Other Topics: File Transfers |
This Session discusses how your web application can handle uploading or downloading binary files. Most of the discussion relies on the HTTP File Transfer Library. A copy of the HTTP File Transfer Classes is in the Tutorial's source folder.
HTTPFileTransfer.cc contains two classes. The first is CGIUpload which is used for uploading files from a web browser to a Web server via a CGI application. The second class is CGIDownload. This class is used for streaming a file from a CGI application to a Web browser. The remainder of this Session will discuss these classes.
In the early days of the World Wide Web the only way to upload a file to a web site was to use an FTP server. This could be rather cumbersome because user accounts needed to be set up and separate software needed to be used. Moreover, it was not possible to integrate binary attachments with a web form. Thus, HTML message boards and Web based email systems could not handle attachments.

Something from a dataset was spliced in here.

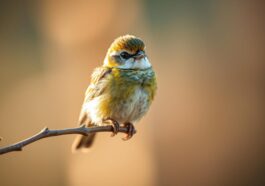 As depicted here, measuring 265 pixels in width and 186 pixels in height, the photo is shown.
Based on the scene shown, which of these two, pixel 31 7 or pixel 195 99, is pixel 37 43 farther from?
pixel 195 99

The CGIUpload class makes it possible to transfer files from web users without using an FTP server. Moreover, the files can be stored outside of web space and the developer can control filenames. The specification for HTML file uploads are found in rfc1867 (Request For Comments: 1867) which is titled “Form-based File Upload in HTML”.
There
are two key elements to implementing uploads from an HTML form. First,
the TYPE attribute
of the HTML INPUT tag
must be set to the FILE option.
This places an object on an HTML form that lets the user supply a file
as input. When the form is submitted, the content of the specified file
is sent to the server as the value portion of this object's
name/value pair. When
this object is used, the Web browser displays a “Browse” button next to
the file input field that lets the user select
a file from their system. The following is an example of this HTML form
element:
|
The second element necessary for implementing HTML uploads is to declare multipart/form-data as the MIME type of the HTML form. Your form tag will then look similar to this:
<FORM ENCTYPE="multipart/form-data" ACTION="upload.exe" METHOD=POST>
In a standard HTML form, the ENCTYPE attribute of the FORM tag is set to application/x-www-form-urlencoded. If your form does not define this attribute application/x-www-form-urlencoded is assumed. However, in order to use HTML file uploads, the MIME type must be changed to multipart/form-data.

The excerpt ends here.